Hello,
At the moment, data specific to a CPU is stored in different, fixed-
size separate arrays by means of the "percpu framework". I'm working
on some changes to modify the way some CPUs are represented, and I'm
wondering what's the rationale behind such a representation.
At first sight, it'd seem more reasonable to have a structure holding
all the information that is CPU-specific (as is done with any object
represented within the system). After searching the mail archives, I
see that similar changes were proposed before, but those threads did
not seem to get any reply (so I'm assuming that the changes were not
desired).
Similarly, and if I understood it correctly, the PDA (Per-processor
Data Area) also aims to do the above, but at the moment it only
contains some fields and is not defined in all platforms.

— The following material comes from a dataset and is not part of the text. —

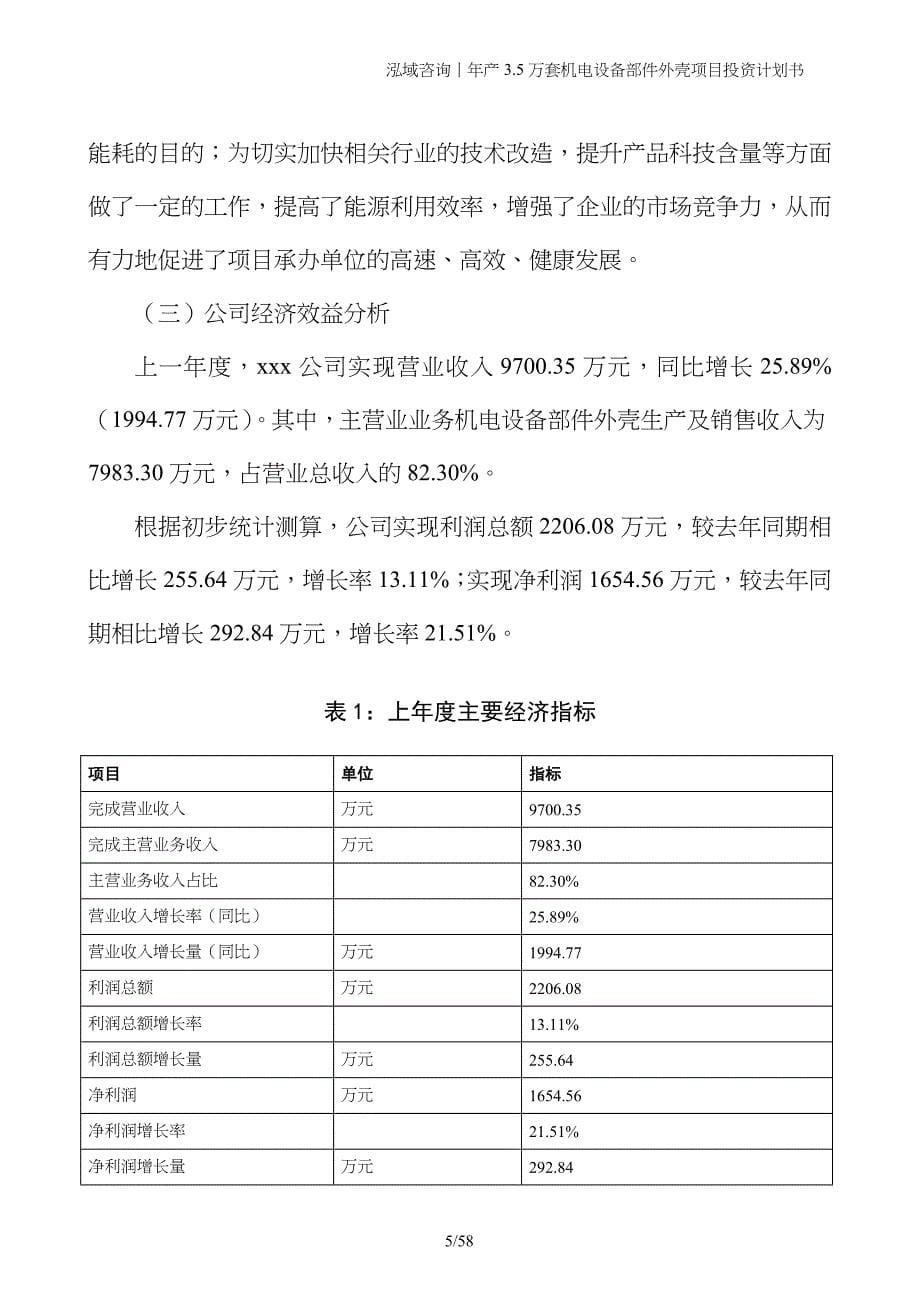 年产3.5万套机电设备部件外壳项目投资计划书_第5页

There are
still a lot of usages of the percpu functionality (such as, e.g., in
kernel/sched.c).
Part of my changes introduce a new structure that is able to
represent any kind of CPU (and which each platform can extend to add
new information to it). It is supposed to supersede the per-cpu
definitions. I bet this could also be redone by using percpu in some
way... The thing is I am willing to share my work when I've finished
it (it is still very much work-in-progress), but first I'm interested
to know if adding this new structure is a crazy idea (meaning I
should stick to percpu wherever possible) or something that can be
accepted later on.
Summarizing, my questions are:
- Why is the code currently using multiple separate arrays (percpu)

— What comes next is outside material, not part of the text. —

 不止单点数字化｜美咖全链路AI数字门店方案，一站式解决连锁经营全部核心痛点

to hold CPU information instead of a structure?
- Could this structure-based approach (instead of all these separate
arrays) be considered for inclusion into the system?
As far as I can tell, the advantage of percpu is that you can define
new "fields" anywhere in the code and independently from the rest of
the system. Also, I seem to understand that there are performance
advantages related to this. But on the other hand, percpu seems like
an unnatural approach to "reimplement" regular structures.
Thank you very much.
--
Julio M. Merino Vidal <[email protected]>
"Julio M. Merino Vidal" <[email protected]> writes:
> Similarly, and if I understood it correctly, the PDA (Per-processor
> Data Area) also aims to do the above, but at the moment it only
> contains some fields and is not defined in all platforms. There are
> still a lot of usages of the percpu functionality (such as, e.g., in
> kernel/sched.c).
PDA is an earlier version of percpu; it still can be more efficiently
accessed so it is kept for some low level code.

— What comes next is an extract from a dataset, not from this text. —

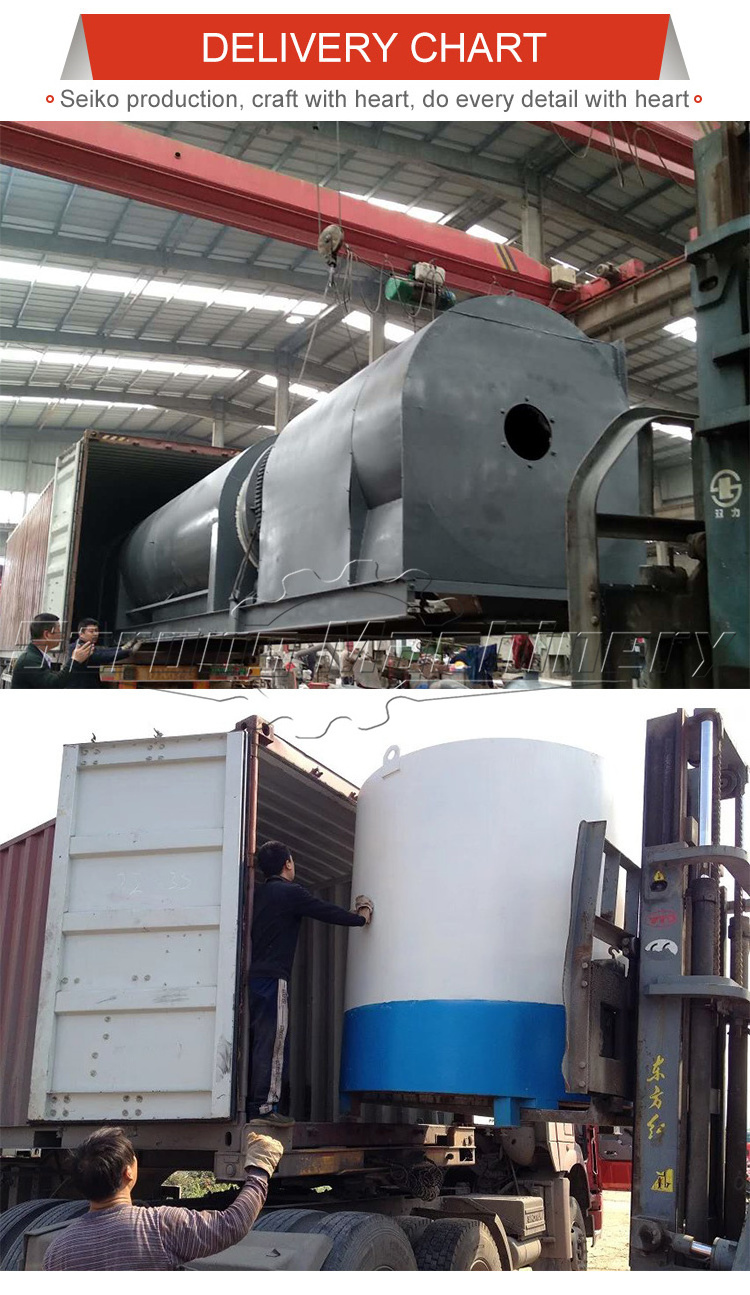 Waste recycling wood sawdust biochar kiln retort machine/coconut shell charcoal carbonization furnace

> As far as I can tell, the advantage of percpu is that you can define
> new "fields" anywhere in the code and independently from the rest of
> the system.
- Independent maintenance as you noted
- Fast access and relatively compact code
- Avoids false sharing by keeping cache lines of different CPUs separate
- Doesn't waste a lot of memory in padding like NR_CPUs arrays usually
need to to avoid the previous point.
Any replacement that doesn't have these properties too will probably
be not useful.
-Andi
Andi Kleen wrote:
>> As far as I can tell, the advantage of percpu is that you can define
>> new "fields" anywhere in the code and independently from the rest of
>> the system.
>>
>
> - Independent maintenance as you noted
> - Fast access and relatively compact code
> - Avoids false sharing by keeping cache lines of different CPUs separate
> - Doesn't waste a lot of memory in padding like NR_CPUs arrays usually
> need to to avoid the previous point.
>
> Any replacement that doesn't have these properties too will probably
> be not useful.
>
Thank you for the details. I'll try to stick to per-cpu wherever
possible for now.
Anyway, what do you think about adding the above text to the code (percpu.h
maybe) as documentation? See the patch below. (Dunno if the Signed-off-by
line is appropriate as most of the text is yours.)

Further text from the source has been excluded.